» **WORK REQUEST**
Please transcribe the data below in full, word for word, without the images.

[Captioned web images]
-----

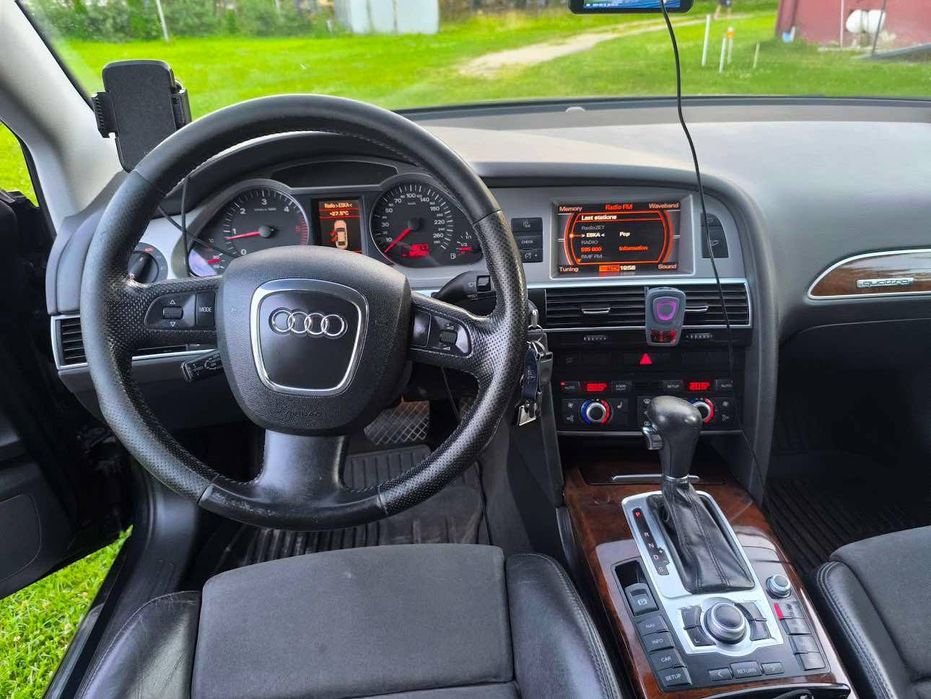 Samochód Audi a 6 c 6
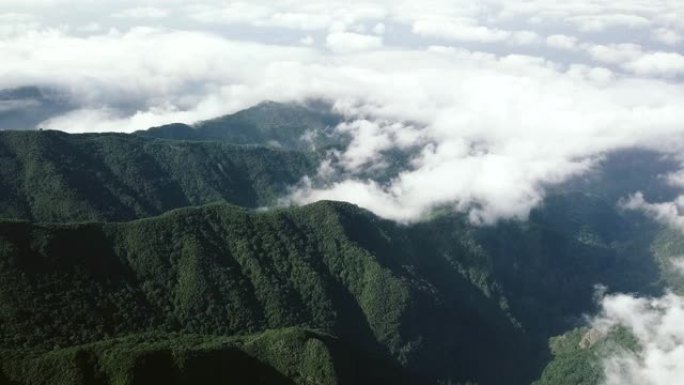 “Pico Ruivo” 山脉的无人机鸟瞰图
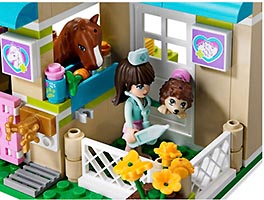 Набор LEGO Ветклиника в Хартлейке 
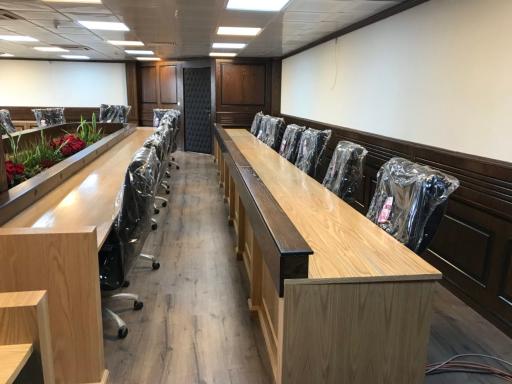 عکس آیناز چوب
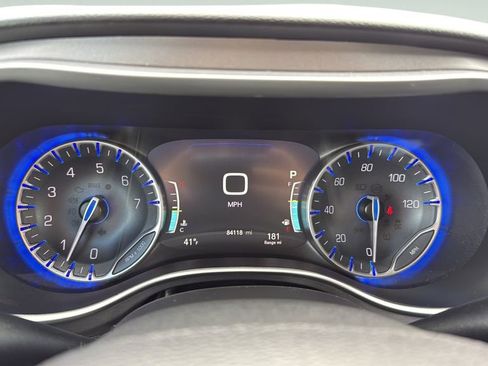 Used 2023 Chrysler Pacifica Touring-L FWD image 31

-----

» **WRITTEN SOLUTION**
 Samochód Audi a 6 c 6
 “Pico Ruivo” 山脉的无人机鸟瞰图
 Набор LEGO Ветклиника в Хартлейке 
 عکس آیناز چوب
 Used 2023 Chrysler Pacifica Touring-L FWD image 31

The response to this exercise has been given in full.